Re: Homework and meeting tomorrow from Daniel Schwabe on 2020-04-01 (public-credibility@w3.org from April 2020)

From: Daniel Schwabe <dschwabe@gmail.com>
Date: Wed, 1 Apr 2020 14:34:46 -0300
To: Sandro Hawke <sandro@w3.org>
Cc: Credible Web CG <public-credibility@w3.org>
Message-Id: <6ADD955A-40E9-4297-B8F6-A107F02603DA@gmail.com>

Hi Sandro,
my concern with this approach is that the numbers don’t really have any meaning… How different/significant is a weight of 30 vs 40? 45? etc…

Many years ago we published a paper in WWW 2004 (https://www.researchgate.net/publication/221023321_A_hybrid_approach_for_searching_in_the_semantic_web <https://www.researchgate.net/publication/221023321_A_hybrid_approach_for_searching_in_the_semantic_web>), in which we used some weights in a schema graph (T-Box in OWL terms, for those who know) to adjust search results in an instance graph (A-box), using a spread activation algorithm. We got some good results. In assigning weights to the schema graph, we first asked “experts” to try to assign weights to each relation in the schema according to what they thought would be the relation’s “relevance”. We also defined a computed measure based on measures of uniqueness (analogous to tf and ida for terms in classical IR) of each relation in the schema. The computed measures performed much better than human assigned weights. Notice that in this case we could define a baseline measure to compare with.

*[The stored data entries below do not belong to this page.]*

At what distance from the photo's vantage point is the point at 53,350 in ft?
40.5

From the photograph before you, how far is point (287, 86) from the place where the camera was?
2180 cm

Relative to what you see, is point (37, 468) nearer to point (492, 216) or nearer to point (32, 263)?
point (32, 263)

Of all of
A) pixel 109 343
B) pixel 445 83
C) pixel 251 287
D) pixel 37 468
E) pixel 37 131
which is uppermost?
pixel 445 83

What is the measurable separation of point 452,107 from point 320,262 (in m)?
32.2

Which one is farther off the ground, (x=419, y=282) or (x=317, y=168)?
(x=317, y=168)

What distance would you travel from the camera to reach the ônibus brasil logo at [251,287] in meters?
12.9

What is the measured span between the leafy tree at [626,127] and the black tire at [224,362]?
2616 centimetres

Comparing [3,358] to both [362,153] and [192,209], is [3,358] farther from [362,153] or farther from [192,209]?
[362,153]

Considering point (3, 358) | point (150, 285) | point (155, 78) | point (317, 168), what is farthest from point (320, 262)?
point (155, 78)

Our conclusion was that humans are simply not capable of assigning such quantitate measures, simply because these numbers have no real meaning. The best they can be used for is defining some (partial) ordering of importance among relations, which can also be done without numbers. Also we don’t have any theoretical support for combining such numbers, they become simply mathematical formulae that are impossible to interpret.

I have my doubts about applying a similar approach to phenomena such as trust and reputation, which are inherently subjective (and this brings also another set of issues as well).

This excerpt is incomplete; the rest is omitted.